Recycling: Just the facts, ma’am

Was one of your New Year’s resolutions to do more recycling? We hope so! If you need a little motivation, here are some facts about waste in America.

Recycling cans

Metal Cans

  • Americans throw away enough aluminum in three months to rebuild all of our commercial airplanes.
  • The energy saved by recycling one aluminum can could run a television for three hours.
  • The energy saved by recycling 19 billion steel cans each year is the same as Los Angeles’ energy requirements for eight years.
  • Currently, the only source for new tin in the U.S. is from recycling used tin cans.
  • Recycled tin is so pure that it is used to make stannous fluoride, the “cavity fighter” in toothpaste.

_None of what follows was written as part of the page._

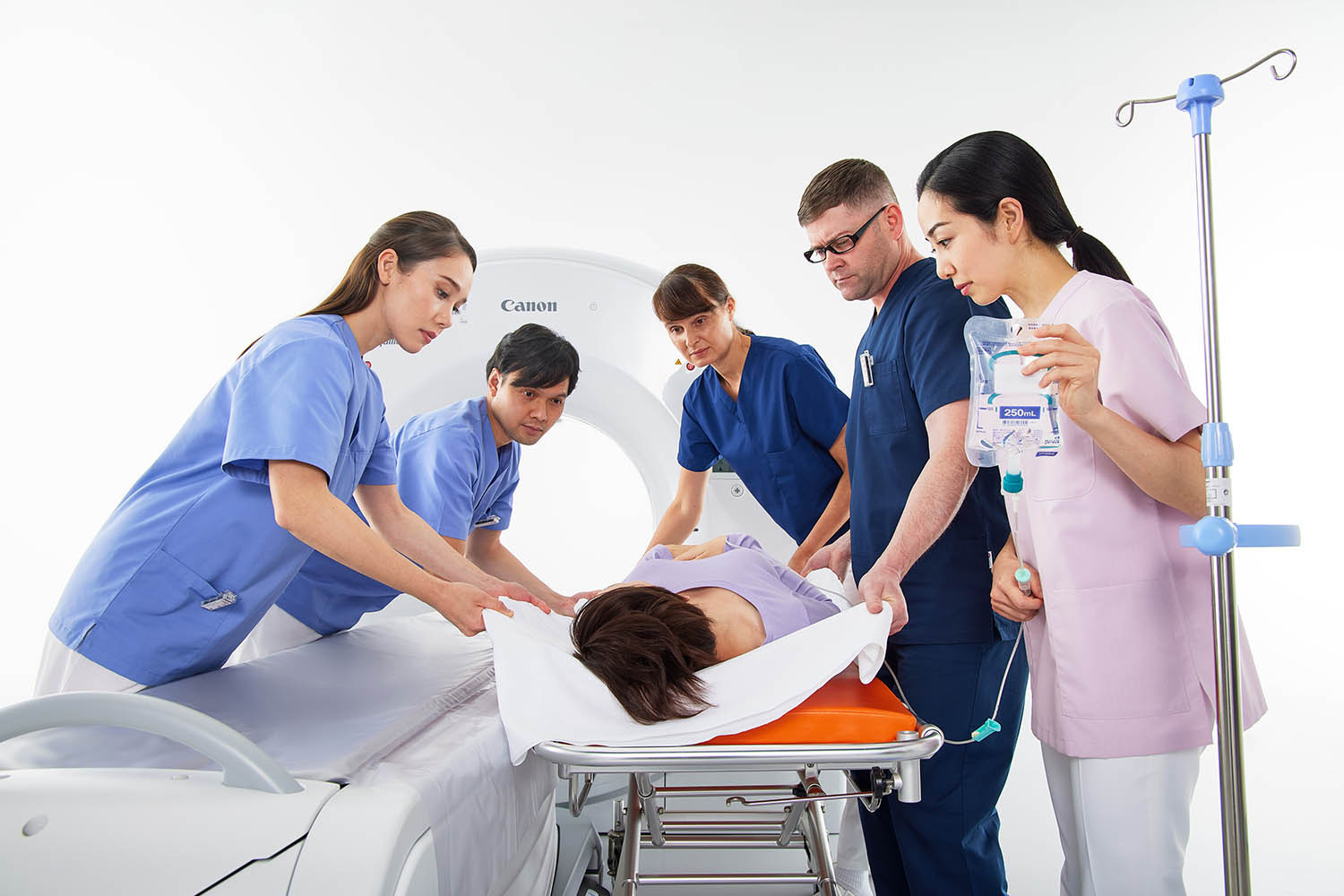 Medical imaging technologists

  • Every year, Americans throw away enough office and writing paper to build a wall more than 12 feet high, stretching from Los Angeles to New York City.
  • Americans use more than 52 million tons of paper each year.
  • Recycling one ton of paper saves one acre of trees.
  • Approximately 76 percent of all U.S. papermakers use some recovered paper to make everything from paper-based packaging to tissue products, from office paper to newspaper.
  • By weight, more paper is recovered for recycling from municipal solid waste streams than glass, plastic, steel and aluminum combined.

Glass Bottles and Jars

  • If all the glass bottles and jars collected through recycling in the U.S. in one year were laid end-to-end, they would reach the Moon and half way back to the Earth.
  • The volume of glass recycled by Americans in one year would fill New Jersey’s Giants Stadium more than three times.
  • Glass can be recycled an infinite number of times.
  • The energy saved from recycling one glass bottle will light a 100-watt bulb for four hours.



  • In one year an estimated seven million tons of clothing and other textiles are thrown away. Only 12 percent are reused or recycled.
  • Textile recycling provides raw materials for upholstery, for filling mattresses, for wadding and other absorbent products, and for the manufacture of felt as well as fibre from which new cloth can be made.